Transcribe the full listing below, word for word, without pictures.

RECORDED INFORMATION:
Start of Block

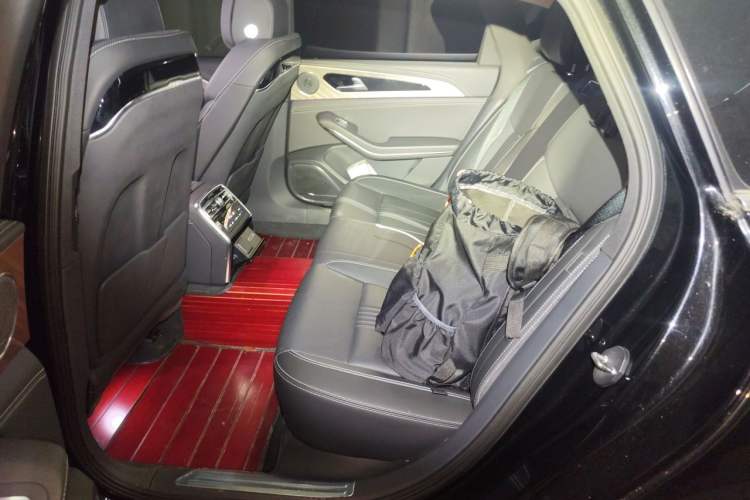 Used Hongqi H9 2020 2.0T Smart Connect Flagship Edition Left Rear Seat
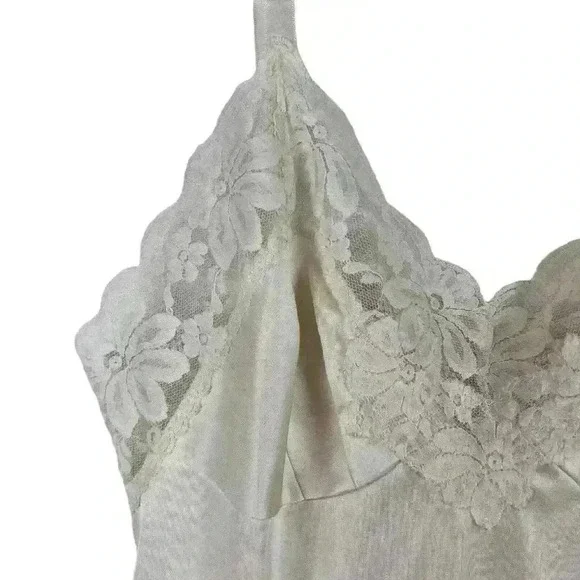 Lovely LACE Vintage LORRAINE Full SLIP Silky Nylon Floral Lace Size 34 Tall - Picture 4 of 10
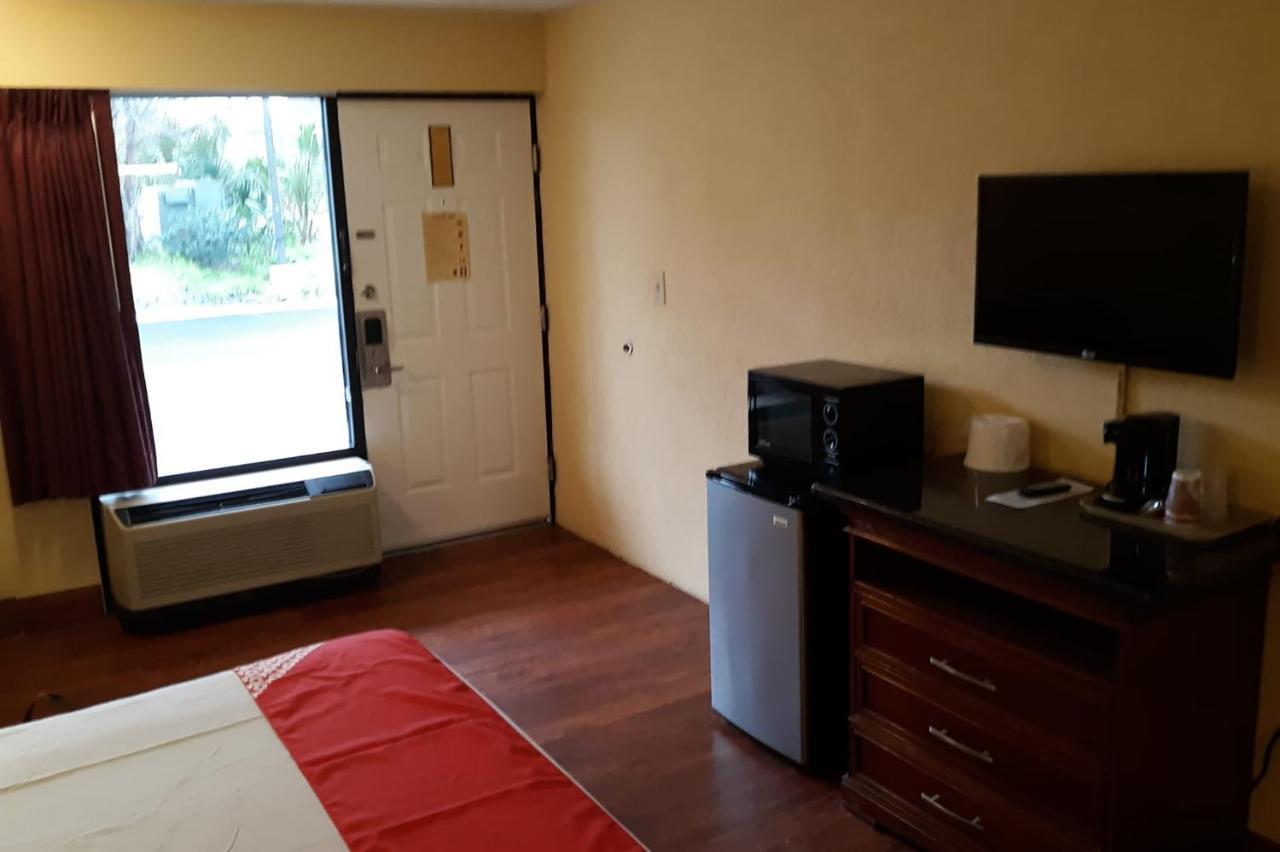 Super Value Inn 瓦尔多斯塔 外观 照片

End of Block

RESPONSE AREA:
 Used Hongqi H9 2020 2.0T Smart Connect Flagship Edition Left Rear Seat
 Lovely LACE Vintage LORRAINE Full SLIP Silky Nylon Floral Lace Size 34 Tall - Picture 4 of 10
 Super Value Inn 瓦尔多斯塔 外观 照片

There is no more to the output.